Thanks Markus.  I think my main confusion was I forgot the lock was  
managed by the kernel (since it is managed through the pthreads API)  
and that the notify would be on a single blocked thread.  If the  
signaling was a broadcast where all blocked threads were moved to the  
ready queue (versus waking up a single thread) the problem I  
mentioned would still appear.  I.e., if all the blocked threads woke  
up, only one would acquire the lock, but the remaining would get  
scheduled and block.  Fortunately a broadcast isn't needed for this  
problem, since any waiting thread can be rescheduled.  I should have  
realized this on my own, but I appreciate the description of  
"secondary" scheduler implemented by the timer mechanism.

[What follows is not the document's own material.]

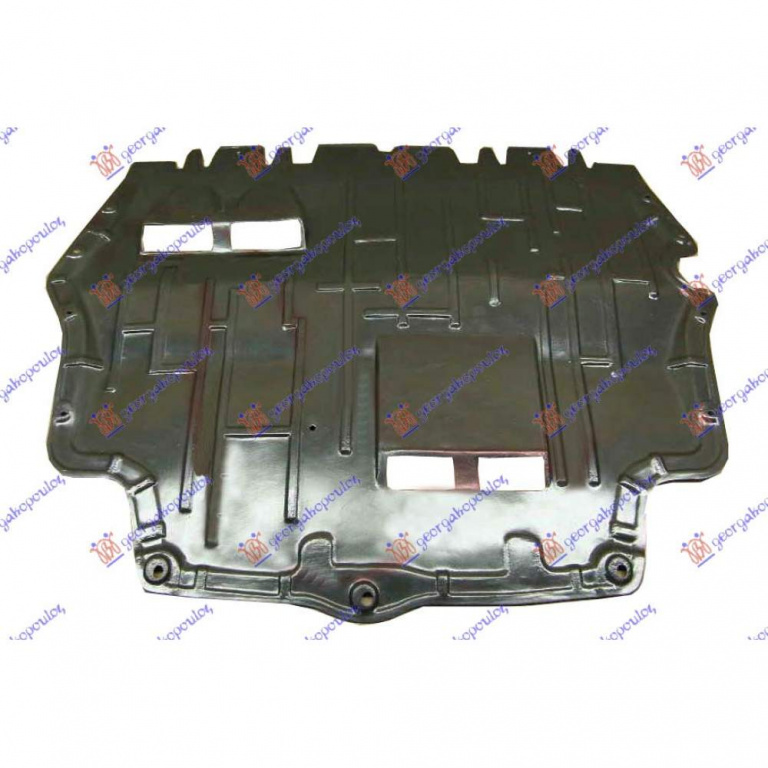 Scut Motor - Vw Passat 2011 , 3c0825235h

On May 12, 2006, at 1:44 PM, Markus Mottl wrote:

> On 5/12/06, Ted Kremenek <kremenek@cs.stanford.edu> wrote:
>> Because of the run-time lock, should I gather that the threads are
>> still essentially cooperative threads?  For example, does it work
>> this way: if a thread holding the master lock is switched out and the
>> kernel schedules another thread, that other thread will start running
>> and try and acquire the lock.  It won't be able to, so it goes back
>> to sleep, and another thread will wake up, try and acquire the lock,
>> goes back to sleep, and so on, until the original thread holding the
>> lock is rescheduled.
>
> No.  The other threads will block in the master lock, which is a
> POSIX-mutex + condition variable.  Releasing the master lock will
> signal exactly one of the blocking threads that it may run.  The
> context switch, however, does not necessarily happen immediately.  It
> depends on the OS when this will happen, and the scheduling policy
> determines which thread is going to run.
>
>> If so, this would lend itself to extremely poor performance: if I had
>> 100 threads, 99 of them may have to wake up and go to sleep before
>> the original one is scheduled.  That is 99 useless context switches.
>
> That would be horrible, and that's not the way it works.
>
>> Or rather is the lock acquired and released (within the generated
>> native code for the OCaml part of a program, not C code) on calls to
>> the memory management functions and other run-time code that are not
>> thread-safe?  This is also seems slow, since the heap is actively
>> manipulated all the time, so locks will constantly be acquired and
>> released, and you will have the same wake-up, make little or no
>> progress and go back to sleep problem I mentioned before.
>
> A timer signal makes sure that the current thread yields once in a
> while.  Thus, it is not necessary to acquire/release locks at each
> allocation, which would make everything run dog slow.
>
>> Your last email said that only one thread is allowed to run OCaml
>> code at any time, so it seems to me that this mutual exclusion must
>> come from somewhere.  I'm very curious to know how this is
>> implemented.  I gather that most people want to use threads in OCaml
>> to have multiple threads running OCaml code, and not necessarily have
>> a bunch of threads executing called C code (allowing the master lock
>> to be released).  I'm just trying to understand how actual
>> performance would ever resemble anything desirable.
>
> Unless INRIA implements a GC that can handle multiple threads running
> in parallel, which would have its own performance tradeoffs, you'll
> essentially always share one processor only.  It depends on your
> application whether that's a problem.  I/O-heavy applications will do
> fine, because the system calls can all be performed in parallel.  You
> can also always call C or Fortran to run in parallel on bigarrays
> (matrices), because they don't mess with the OCaml-heap.
>
> Regards,
> Markus
>
> -- 
> Markus Mottl        http://www.ocaml.info         
> markus.mottl@gmail.com